“Büyük devlet”in taşeron liderleri!
Tayyip Erdoğan, Beştepe’deki sarayda 400 kişiye verdiği iftarda “Türkiye Cumhuriyeti Devleti’nin tarihine, kültürüne, vizyonuna yakışır bir devlet binası inşa etme niyetiyle yola çıktık. Sonuçta ortaya her vatandaşın gönül huzuruyla ‘İşte burası benim devletimi temsil eder’ diyebileceği bir eserin ortaya çıktığına inanıyorum” dedi ve ekledi: “Buraya gelen yabancılar, burayı görünce ’Bu devlet büyük devlet’ diyorlar.”
* * *
Erdoğan, böyle konuştuktan hemen sonra “Dünyanın dört bir yanından gelenler, Topkapı Sarayı, Sultanahmet, Süleymaniye, Eyüp Sultan ve Fatih Camisini geziyor. Göstereceğimiz yerler işte buralar. Ankara’da gezilecek yerleri bir soralım. Acaba kaç tane gezdirebileceğimiz yer var” diyerek de farkında olmadan bir çelişki sergilemiş oldu.

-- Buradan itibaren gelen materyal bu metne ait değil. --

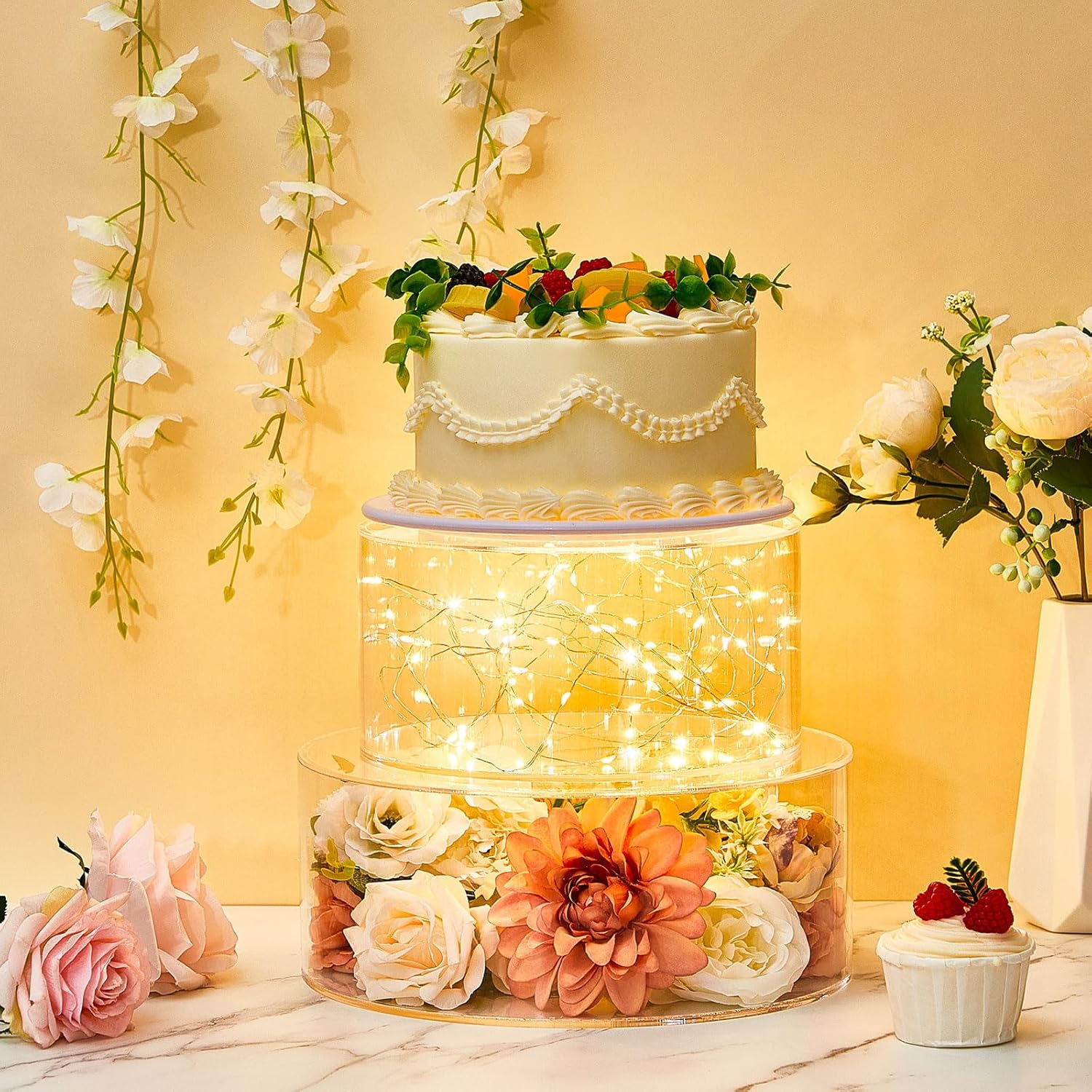 3 piezas de soporte acrílico para pasteles con luces LED, transparente, rellenable, caja cilíndrica redonda de 3 niveles para Navidad, boda,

Osmanlı, büyük devletti değil mi? Tarihin kaydettiği en büyük, en güçlü devletlerden biri, hatta birincisi idi.
Osmanlı devletinin yönetim merkezi olan Topkapı Sarayı’nı görenler, “Dünyanın en büyük devleti, bu ahırdan mı yönetiliyor?” diye sordu mu?
Hayır, akıllarına bile gelmedi. Üstelik Topkapı Sarayı gerçekten Bizans’ın at ahırıydı.

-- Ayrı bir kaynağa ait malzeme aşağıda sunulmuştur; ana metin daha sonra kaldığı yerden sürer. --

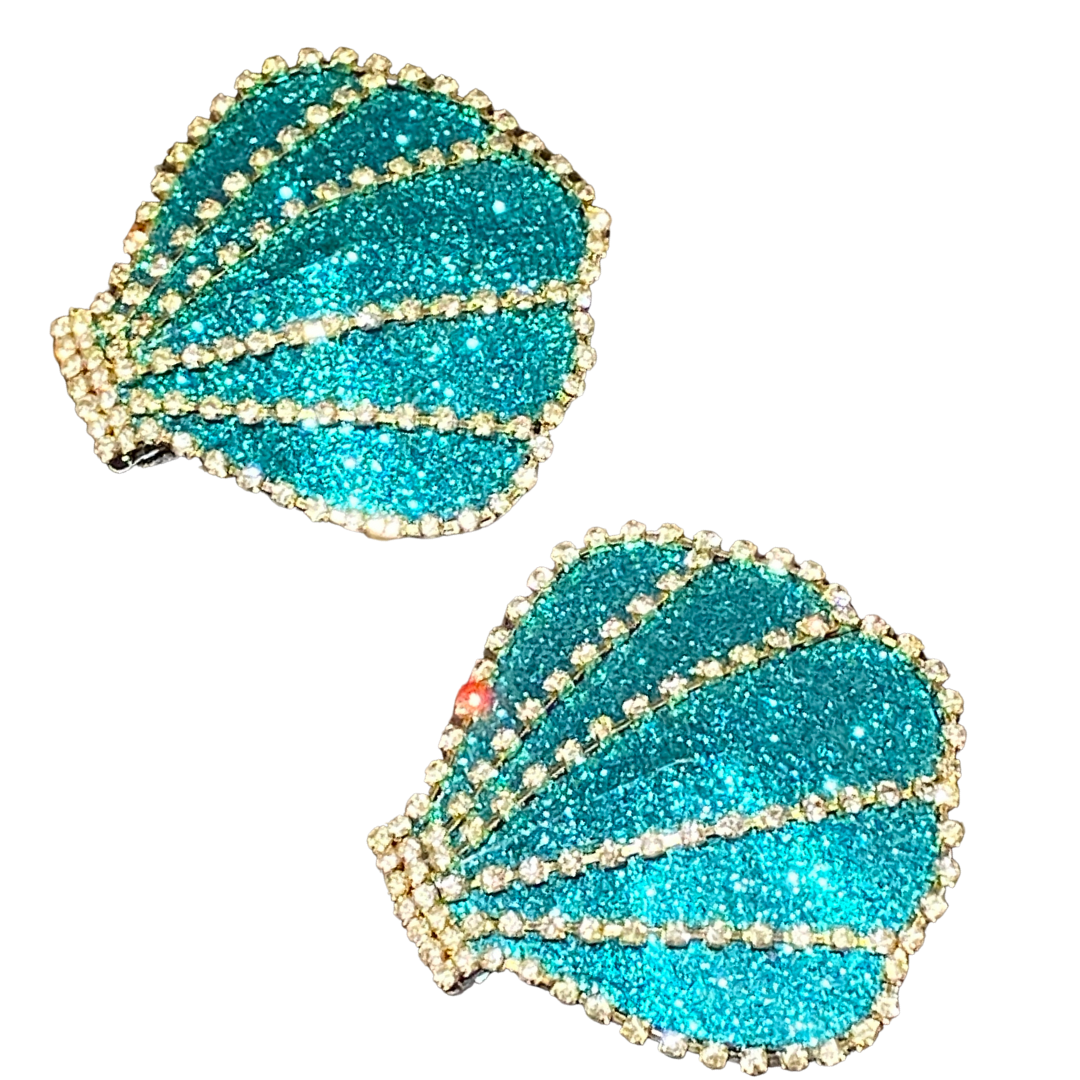 AQUA VITA  Aqua Shell Glitter & Rhinestone Nipple Pasties, Covers for Lingerie Burlesque Festivals Raves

Yani büyük devlet olmak için saraylar yaptırmak gerekmiyor. Osmanlı devleti, borç parayla Dolmabahçe Sarayı’nı yaptırdıktan kısa bir süre sonra darmadağın oldu ve çöktü. Tayyip Erdoğan da sarayını, Türkiye’yi borçlandırdığı paraları kullanıp Atatürk’ün ağaçlandırıp millete bıraktığı bir arazide yaptırarak hata üzerine hata yaptı!
* * *
Erdoğan, büyük devlet olmak derken, aslında Türkiye Cumhuriyeti’ni yıkıp “Yeni Türkiye”yi kurmayı kastediyor. Fakat bu proje de Graham Fuller’in tasarımıdır!
Büyük devlet kurmak için, kendinize ait büyük bir felsefeniz, büyük bir fikriniz ve büyük bir stratejiniz olacak! Buna bağlı olarak, büyük bir ekonomi ve kültür alt yapısı üzerinde, büyük bir bilim ordunuzla birlikte, büyük ve güçlü silahlı kuvvetleriniz olacak!
Gerçi Türkiye Cumhuriyeti’ni Türk ordusu kurmuştur ama bunu, arkasına büyük Türk tarihini alarak yapabilmiştir. Büyüklük, gerçekte milletin büyüklüğüdür.
* * *
Tayyip Erdoğan ve “büyük” kelimesini bugüne kadar sadece Büyük Orta Doğu Projesi’nin eş başkanlığını üstlenmesi ile duyduk. Yani ortada “büyük” bir strateji var ama o da Amerikan stratejisidir!
Diğer taraftan, Türkiye’nin birliğinin teminatı olan millî ordu, 5 Kasım 2007’de Beyaz Saray’daki Bush-Erdoğan görüşmesi ile düğmesine basılan operasyonlarla yıpratılmış, yetkileri, istihbarat cihazları bile elinden alınarak zaafa uğratılmıştır.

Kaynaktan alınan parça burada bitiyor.